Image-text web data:
______________________________

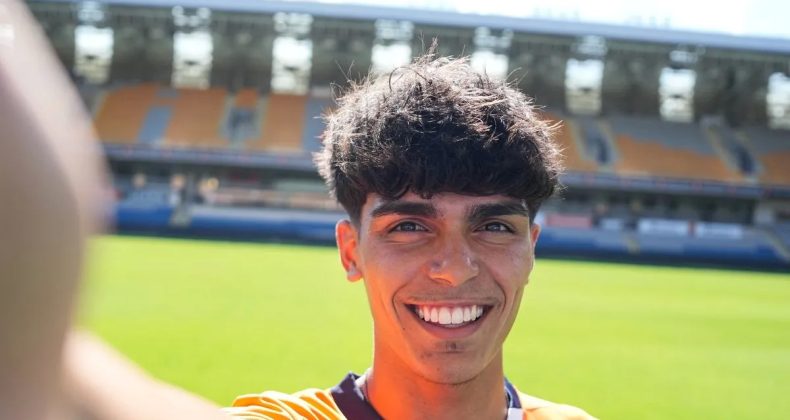 RAMS Başakşehir, 18 Yaşındaki Genç Yıldızı Transfer Etti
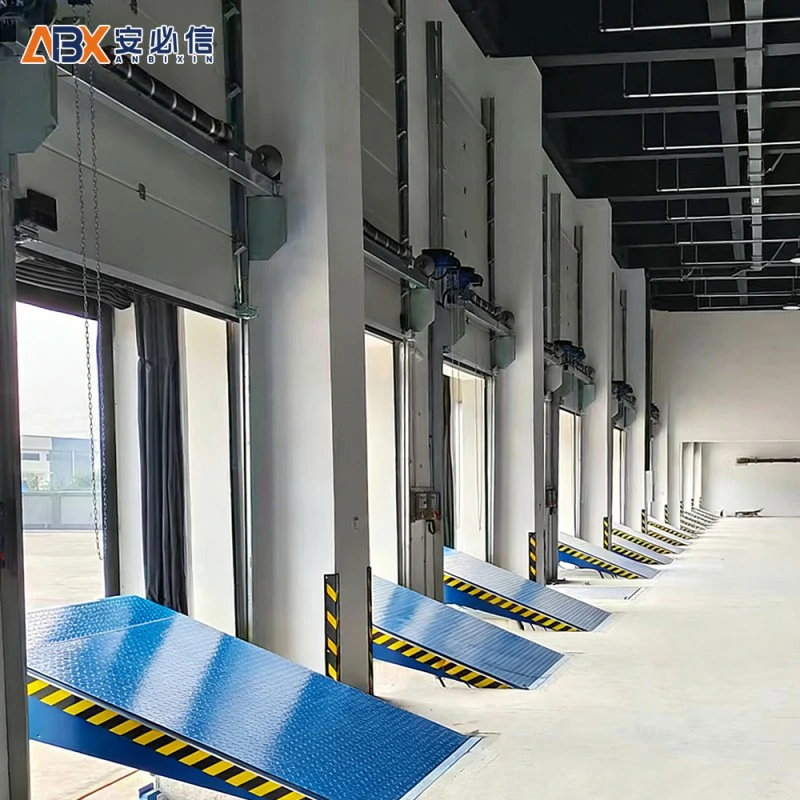 贵港升降滑升门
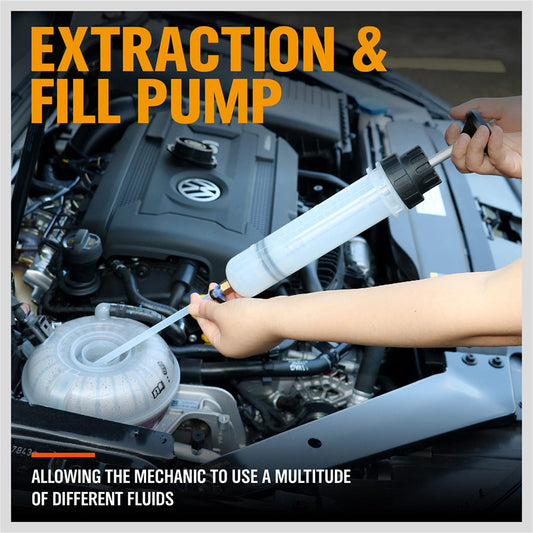 Fluid Extractor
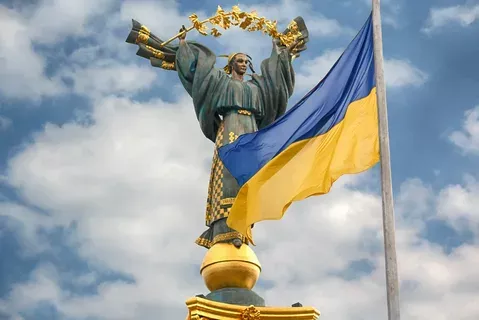 Украина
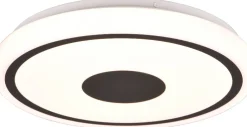 LED-kattovalaisin Trio Bunda, 34cm, eri värejä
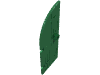 Набор LEGO Door 1 x 3 x 6 Curved Top, Зеленый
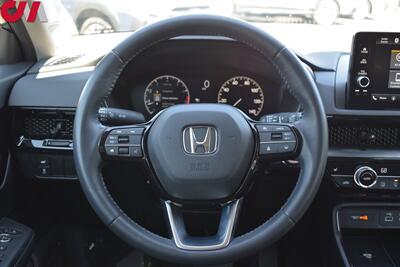 2024 Honda CR-V EX-L  AWD 4dr SUV Back Up Cam! Blind Spot Monitor! Driver Monitoring-Alert! Bluetooth! Sunroof! Heated Leather Seats! Powered Liftgate! - Photo 14 - Portland, OR 97266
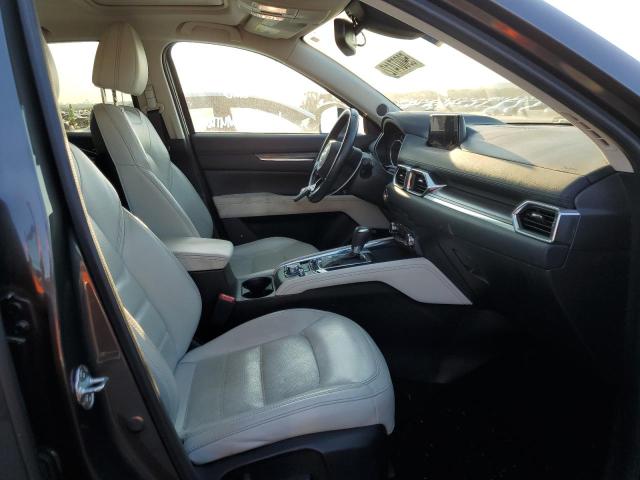 Photo 5 from auction – 2018 MAZDA CX-5 GRAND with VIN JM3KFADM3J1310317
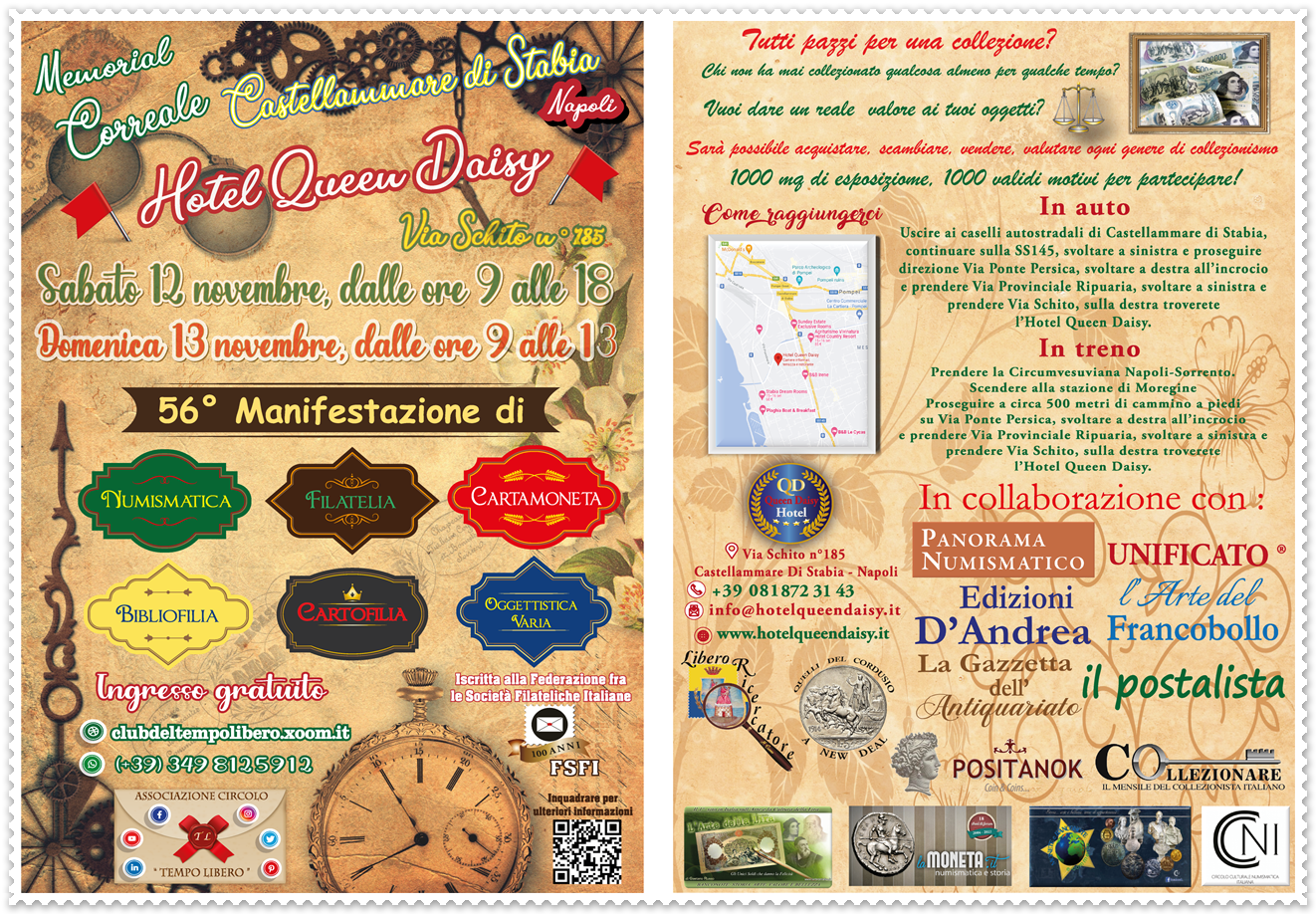 Locandina novembre 2022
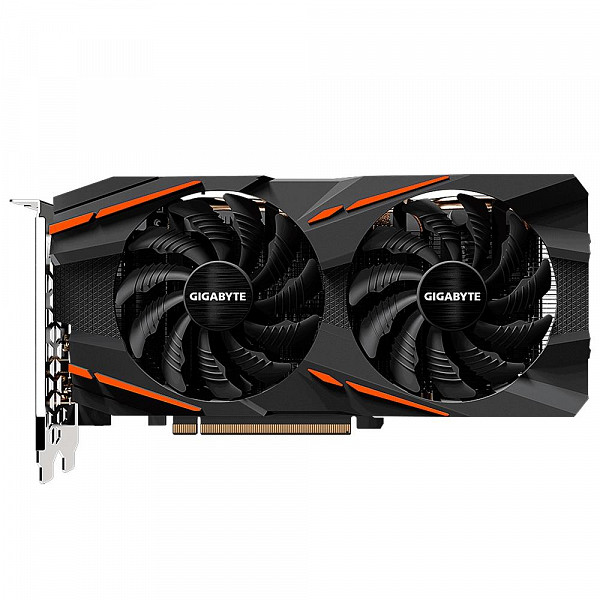 Placa de Vídeo Gigabyte AMD Radeon RX 570 Gaming, 4GB, GDDR5, REV 2.0 - GV-RX570GAMING-4GD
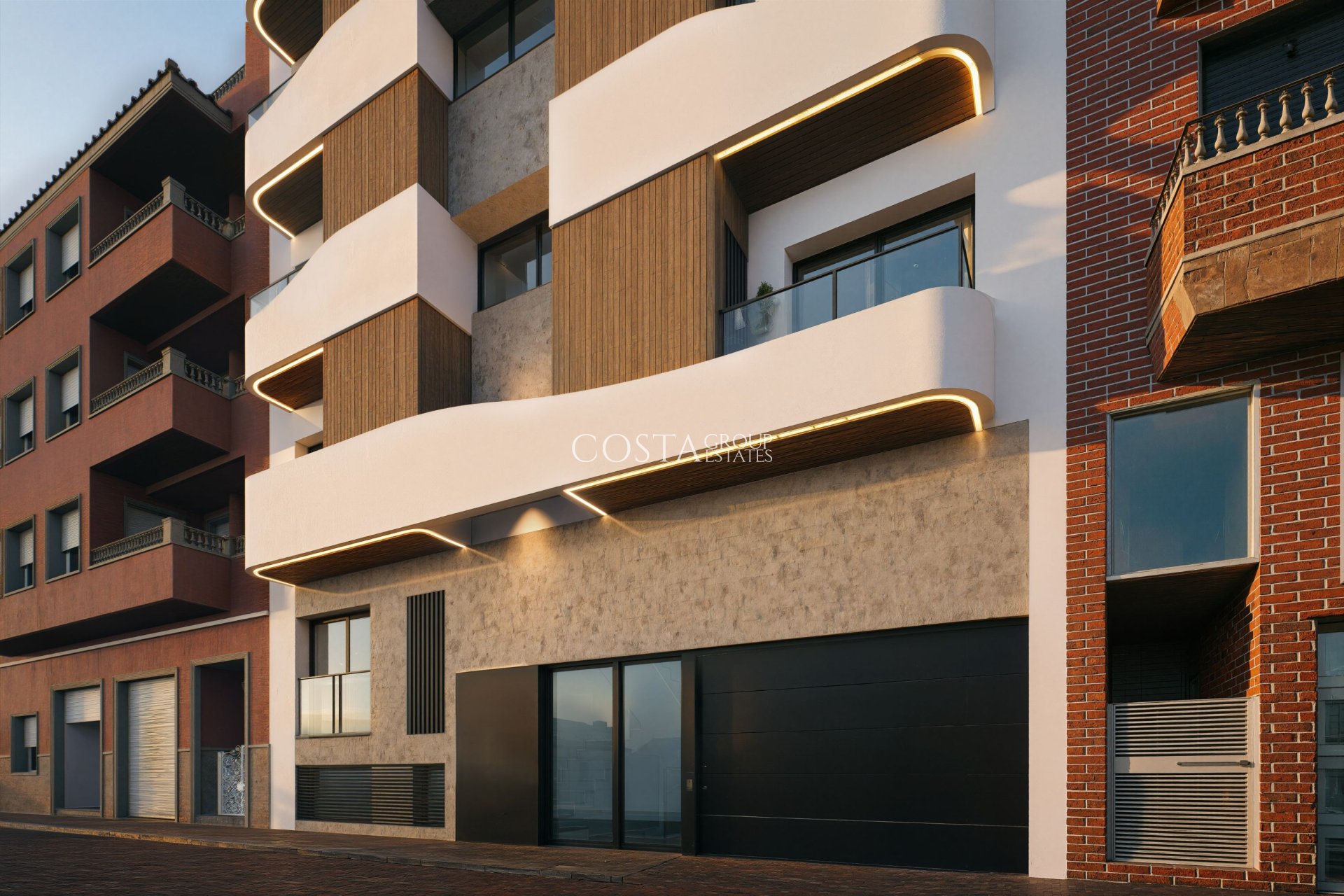 Neue Gebäude - Apartments -
Guardamar del Segura - Guardamar Del Segura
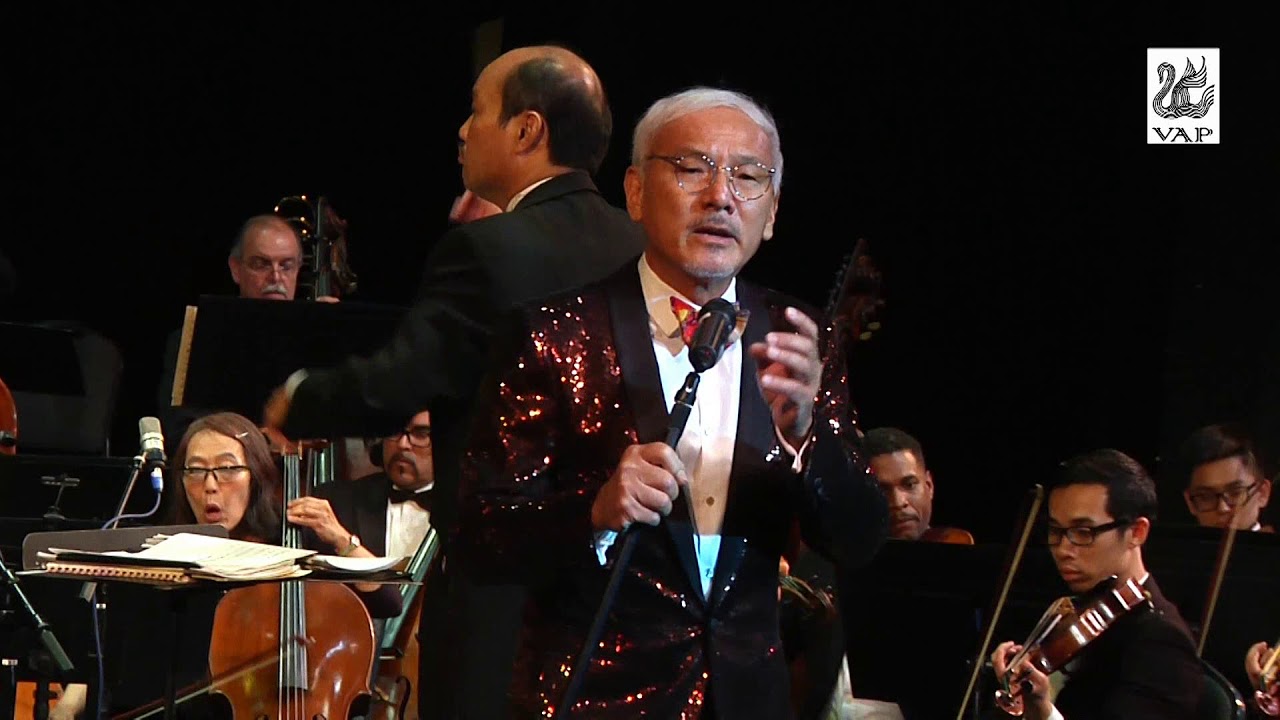 5. Nhu Chiec Que Diem - Trinh Hoang Hai, baritone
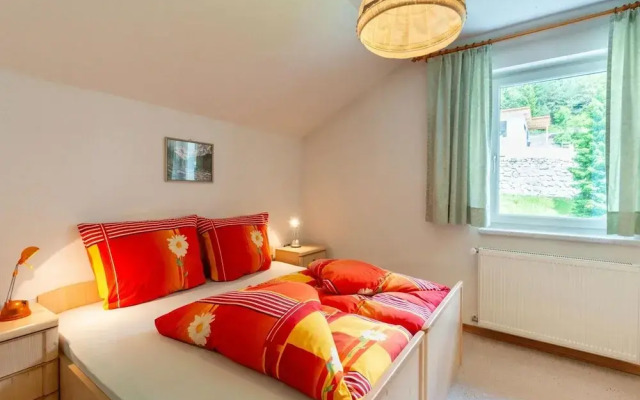 Mountain View Apartment in Strengen near Ski Bus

______________________________

**TO DO**.
Without any pictures, retype the records above exactly.

**ANSWER AREA**.
 RAMS Başakşehir, 18 Yaşındaki Genç Yıldızı Transfer Etti
 贵港升降滑升门
 Fluid Extractor
 Украина
 LED-kattovalaisin Trio Bunda, 34cm, eri värejä
 Набор LEGO Door 1 x 3 x 6 Curved Top, Зеленый
 2024 Honda CR-V EX-L  AWD 4dr SUV Back Up Cam! Blind Spot Monitor! Driver Monitoring-Alert! Bluetooth! Sunroof! Heated Leather Seats! Powered Liftgate! - Photo 14 - Portland, OR 97266
 Photo 5 from auction – 2018 MAZDA CX-5 GRAND with VIN JM3KFADM3J1310317
 Locandina novembre 2022
 Placa de Vídeo Gigabyte AMD Radeon RX 570 Gaming, 4GB, GDDR5, REV 2.0 - GV-RX570GAMING-4GD
 Neue Gebäude - Apartments -
Guardamar del Segura - Guardamar Del Segura
 5. Nhu Chiec Que Diem - Trinh Hoang Hai, baritone
 Mountain View Apartment in Strengen near Ski Bus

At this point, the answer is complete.